On Saturday, you’ll text me something pointless, something that didn’t need to be said. I used to tell myself it was because you had been thinking of me and wanted to reach out. I’ll reply to acknowledge receipt of your message (and because I had obviously been thinking of you too, even before you texted me), and you’ll reply with a one-word response that immediately kills whatever potential our conversation had. I try to shrug it off and go out with my friends, using alcohol and dancing as a way to rid you from my thoughts. I accept the free drinks from strangers (even when they buy me something gross like a gin and tonic, something we had once bonded over not liking), because the more alcohol in my system, the more I would dance; and the more I would dance, the less I would feel.
I almost always wake up to a text from you on Sunday morning (or afternoon depending on how late I stayed out), something I used to wake up to on every day of the week. But your Sunday morning texts no longer make me smile, or fill me with joy, because they are now meaningless. You didn’t text me to say good morning, to ask me how my night was (knowing me, I probably drunkenly Snapchatted you a picture or ten to show you how much fun I was having without you anyway), or for any other valid reason. No, you had only texted me because you were bored. Maybe your new boyfriend works every Sunday and you need attention from someone, so you turn to me. And you’ll actually continue to text me all day and into the evening, sometimes even until you go to bed. And for some reason, every Sunday, a little part of me wonders if something has changed and if I’ll hear from you before next Saturday.
But I very rarely do. I go through my week secretly hoping every time my phone buzzes it’s you, and every so often it is, but it’s never anything substantial. It’s funny — those rare instances are almost always when I’m on a date with someone else. I’ll go to the bathroom and look at my phone and see a text from you and the rest of my date is ruined, because I spend the remainder of the evening thinking of you, unable to focus on the person right in front of me. There was a period where I tried reaching out to you, but the few times I did, you would take hours to reply. I remember one time I texted you a new song by that artist we mutually love on a Wednesday afternoon, and you didn’t reply until Thursday morning (simply saying “I like it!”).
So I stopped trying.
The other night as I lay in bed, unable to sleep, I found myself scrolling to the first texts we had sent each other. Back when you would text me all day every day, when every morning I woke to a cute good morning text and went to bed with you wishing me sweet dreams. Back when I couldn’t go two hours without hearing from you. It was almost a turn off at first — you had been so eager. If I didn’t reply to a text, I would hear from you again shortly thereafter. It was like you couldn’t get enough of me. I remember after our first week of dating and texting, you had already texted me more than anyone else ever had (granted, it was a new phone, but still). That “1572” next to your name in my messages symbolized how much you liked me, how much you needed me, how your days were empty without hearing from me. And sure enough, I soon began to feel the same way about you.

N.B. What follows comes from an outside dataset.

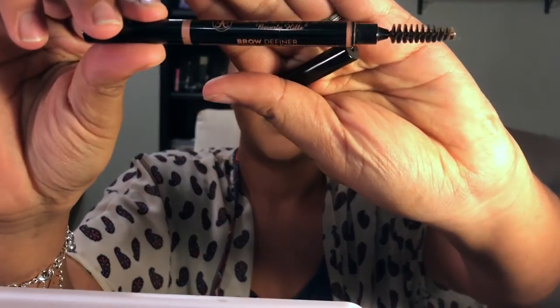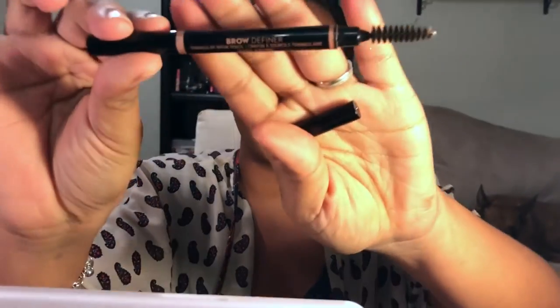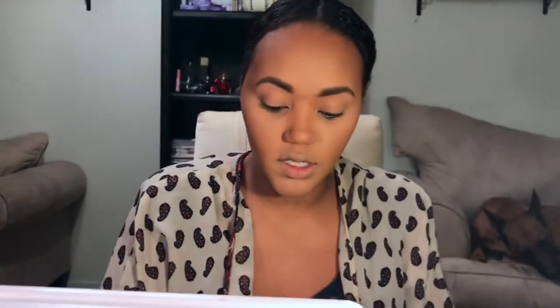Next we're gonna do our brow work. When I do my brows I'm going in with my Anastasia Brow Definer in the shade Dark Brown — just quickly filling them in. Then we're gonna go in with Laura Geller Gilded Honey on a Morphe 310 fan brush to give myself a glow, like I'm glowing from within.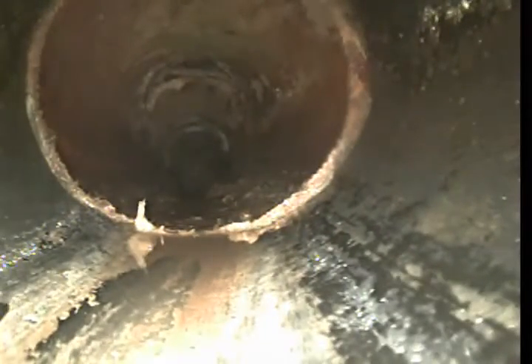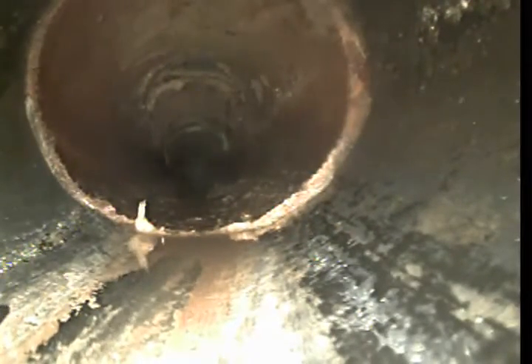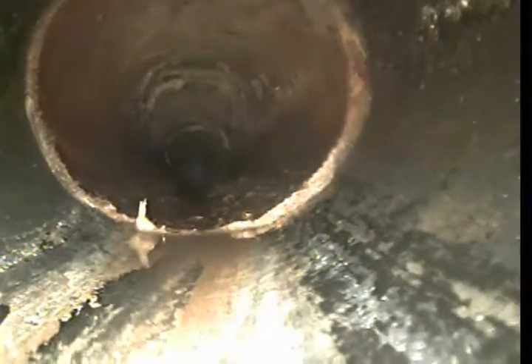Let's clean the lens. I'm backing through the ABS pipe. Small section of clay there. There's been many cleanups there before. This is 4-inch ABS.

And that’s when you pulled away. The texts became less frequent and our conversations one sided. Before I knew it, we were where we are now. We went from texting over a thousand times in a week to maybe thirty, almost always only on the weekend. Those days of endless texts and cute dates are gone and have been replaced with an empty feeling that no number of dates and texts with other people can fill.
So I guess my question to you is this: why won’t you let me go?
You so clearly have moved on; I’ve been feeling you slowly forget me for weeks now. You no longer harbor romantic feelings for me (if you ever did in the first place), and your days are no longer empty without me. So why do you text me every weekend like clockwork? Why do you need to keep me in your life in the lowest capacity possible? Why can’t you let me go and let me be free and at least let me try to be happy again?
Is it because you’re keeping me as a backup in case things with your boyfriend don’t work out? Is it because you know how similar we are, how we got along so effortlessly those first few weeks? Is it because deep down, you know we could be something amazing together? Or is it just because you like stringing me along, keeping me trapped in your dark, twisted game of blurry lines and mixed signals, a game where I’ll never be anything but the loser?
It took me some time, but I’ve come to accept that no matter which answer you choose, I’ll somehow still be the one failing. So I’ve finally made the decision to stop answering your texts, and this letter was to let you know why. You don’t get to keep me in your back pocket for another day. You chose not to love me now. You can’t choose to love me later.
I only wish I had realized that sooner.